The GitHub repository with program to run the classifier and generate the CSV file:

https://github.com/bdon/OpenStreetMap-BurmeseEncoding

OpenStreetMap Isn't Unicode

Thanks @bryceco for the investigation into editors! I wonder if the easiest path is to create something like a http://maproulette.org task for Zawgyi-to-Unicode conversion. One caveat: A Burmese speaker reached out to me already to let me know that the Zawgyi classifier is trained on, and designed for long text and may not have good results for short text like place names, so we should look into https://github.com/myanmartools/ng-zawgyi-detector which is regex-based.

OpenStreetMap Isn't Unicode

I agree that this is out of scope of the API, and don’t think language-specific logic belongs in the Rails port, unless there is already precedent for that.

So it remains an open question if resolving this class of issue - that does currently break the display of text in the near-orbit OSM ecosystem (iD, OSM Carto) - falls under the purview of EWG at all.

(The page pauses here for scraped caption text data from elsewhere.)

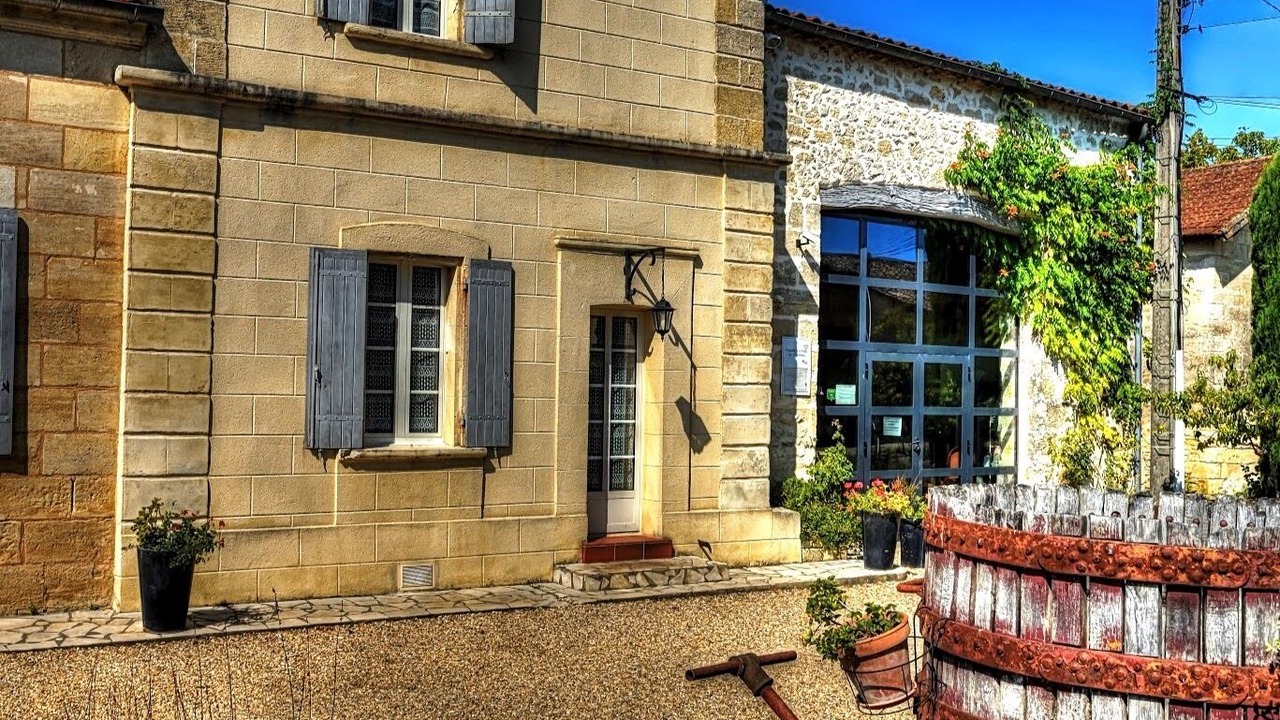 Photo of Outdoor in Petit-Palais-et-Cornemps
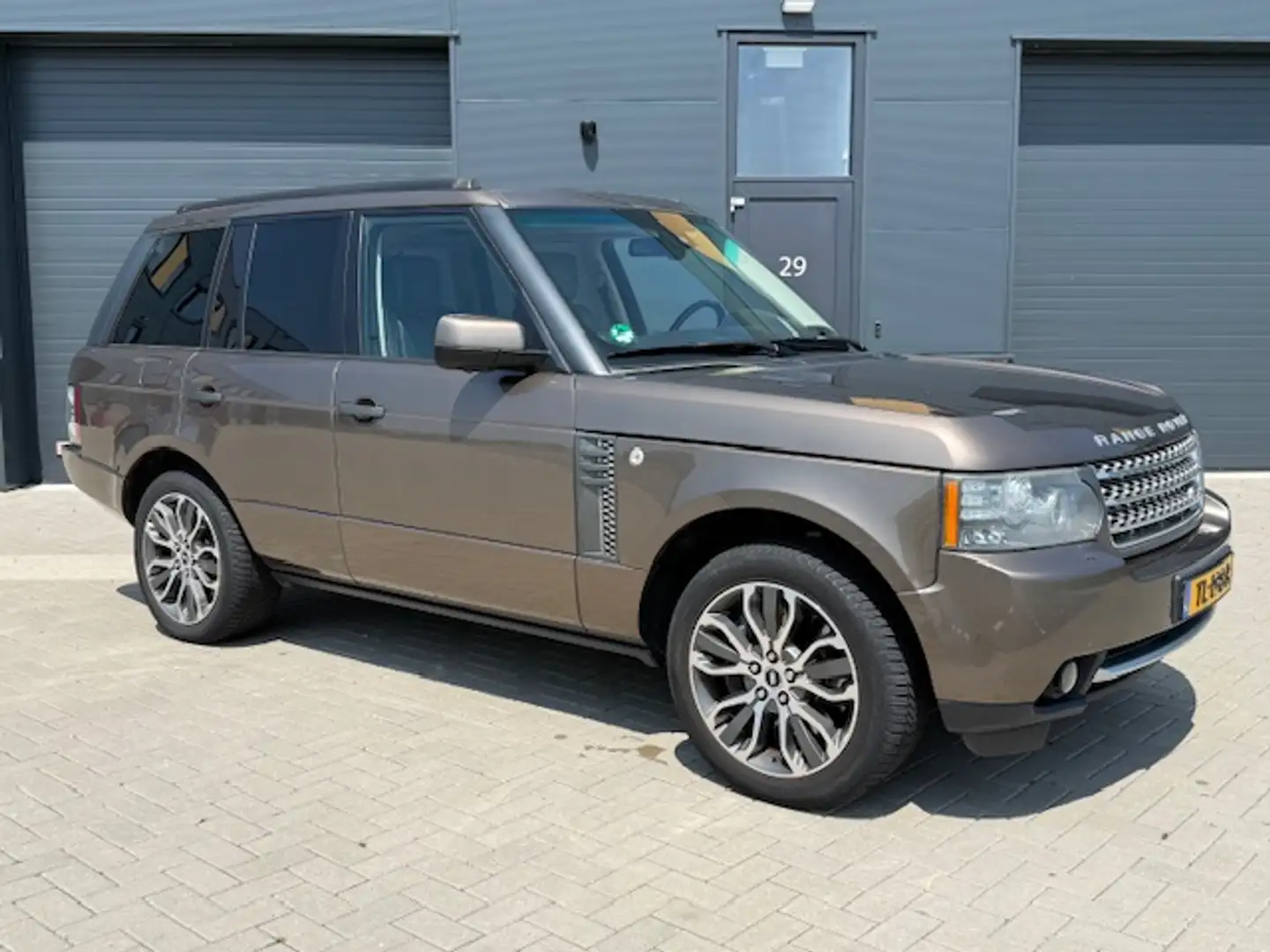 Land Rover Range Rover 4.4 TDV8 Autobiography Euro 5 / YOUNGTIMER / Expor Bruin - 1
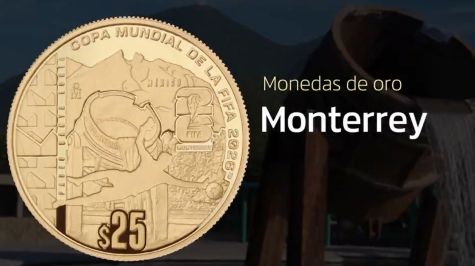 Un jugador de futbol y al fondo la Fuente El Crisol, una de las más emblemáticas del paseo Santa Lucía, así como el Cerro de la Silla. En el contorno superior, la leyenda COPA MUNDIAL DE LA FIFA 2026™. A la izquierda, la identidad gráfica definida por la FIFA para representar a la ciudad de Monterrey y a la derecha de esta el texto PASEO SANTA LUCÍA. Se incluyen el logotipo de la FIFA 26 MONTERREY™, la denominación, la palabra MÉXICO y la ceca de la Casa de Moneda de México "M°". (Banxico)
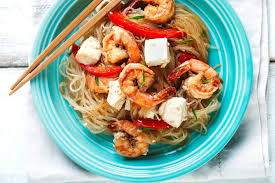 Non serve neanche lessare la pasta! Spaghetti Di Riso Proprieta Calorie E Come Si Cucinano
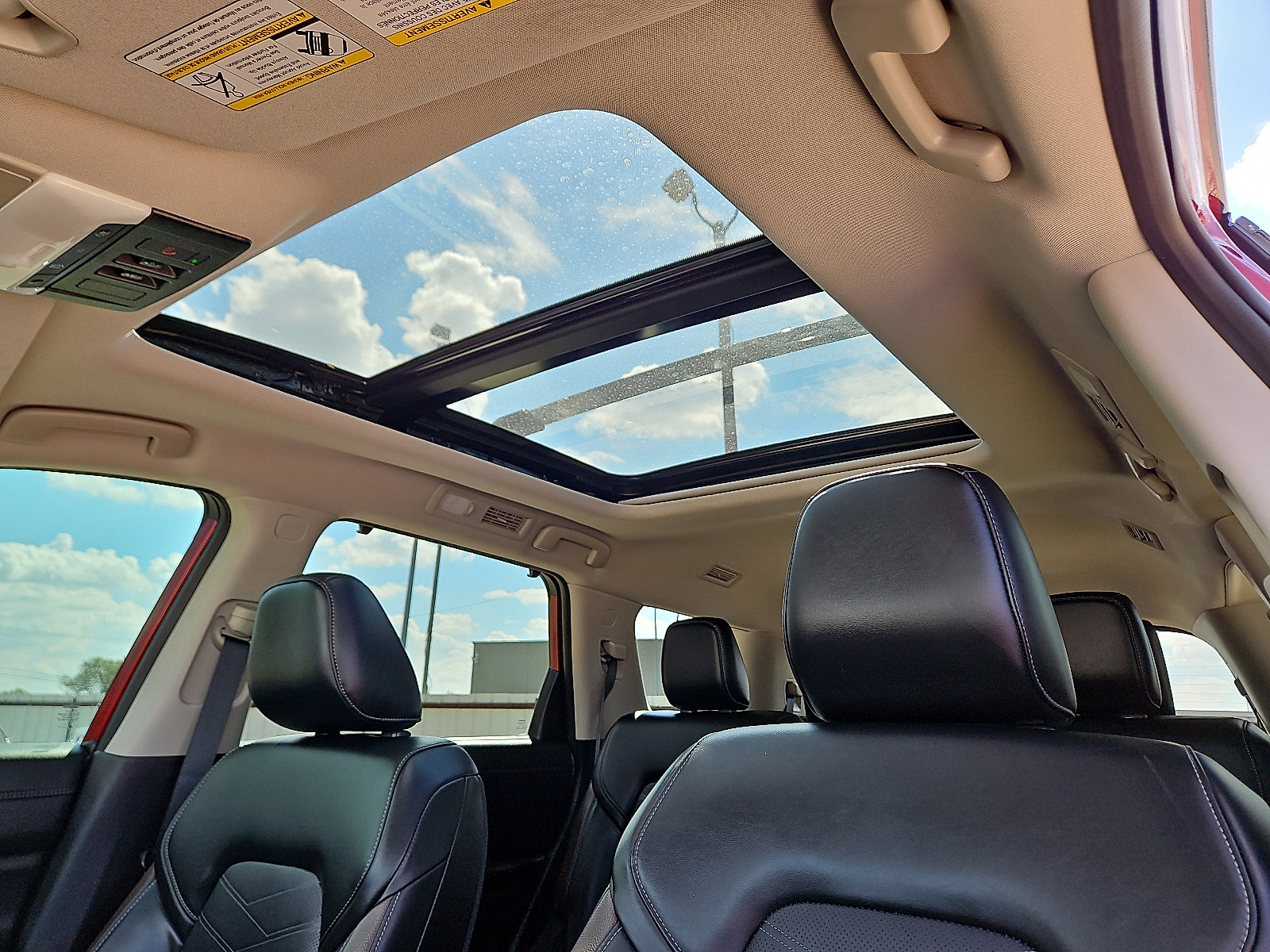 Used 2025 Nissan Pathfinder Platinum image 14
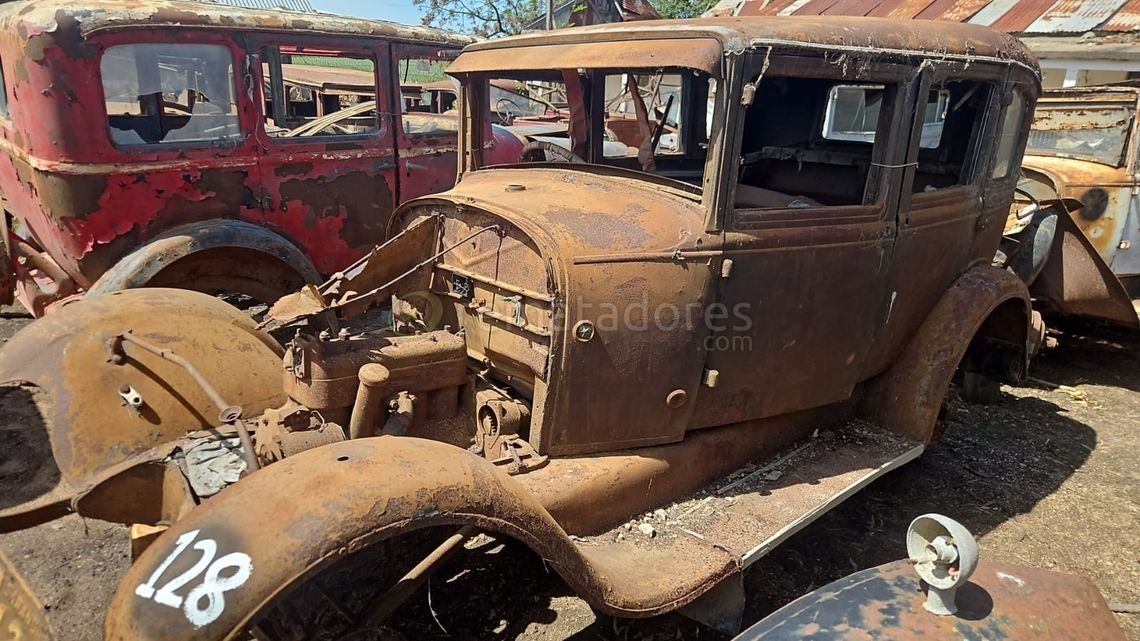Automóvil Antiguo Rústico para Restaurar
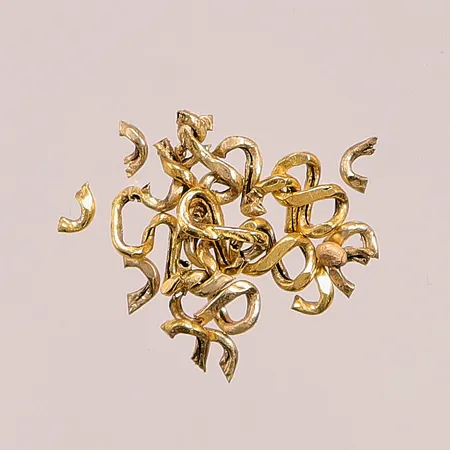 Diverse guld, defekt, 18K 0,5g.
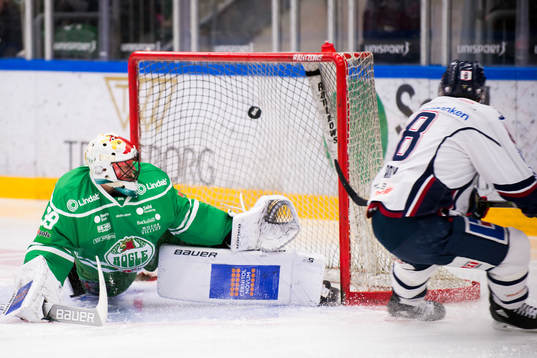 Linköpings Derek Roy gör mål bakom Rögles målvakt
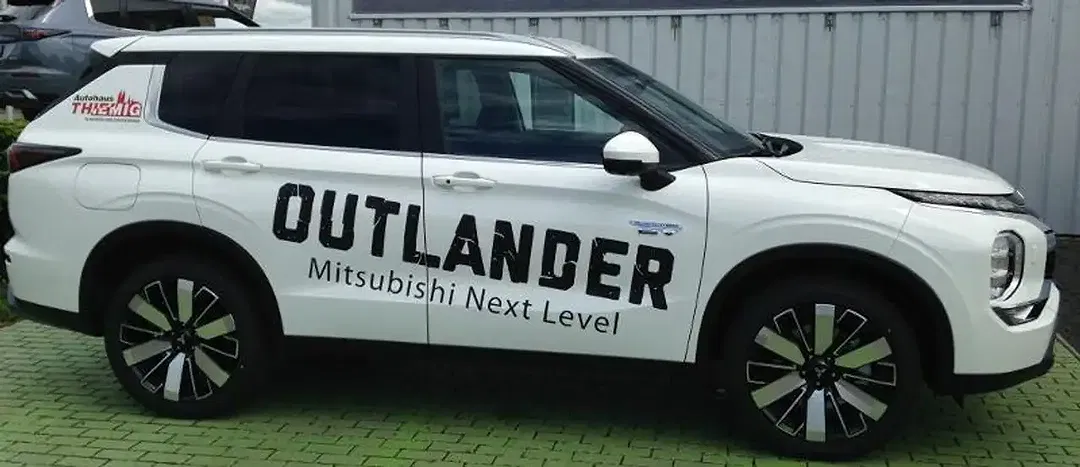 Mitsubishi Outlander 2.4 PHEV Intro Edition - Thumbnail 9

OpenStreetMap Isn't Unicode

Thanks, this is really useful background on CGIMap! Given that, it’s worth doing a scan over the dataset to determine if there are any pre-2019 strings that don’t pass that check.

Unfortunately I don’t think the mbsrtowcs function is good enough for Zawgyi, because a Zawgyi string at the bit level is still a valid UTF-8 sequence of bytes, but in a nonsensical arrangement - kind of how “Ybaqba” is a valid string of Latin characters but is the rot13 encoding of “London”. Because Burmese is a shaped language, the consequence is more severe in that placeholder marks appear if the wrong encoding is used. Some language-level analysis (the ML model) is necessary for doing the classification of Zawgyi vs. Myanmar Unicode.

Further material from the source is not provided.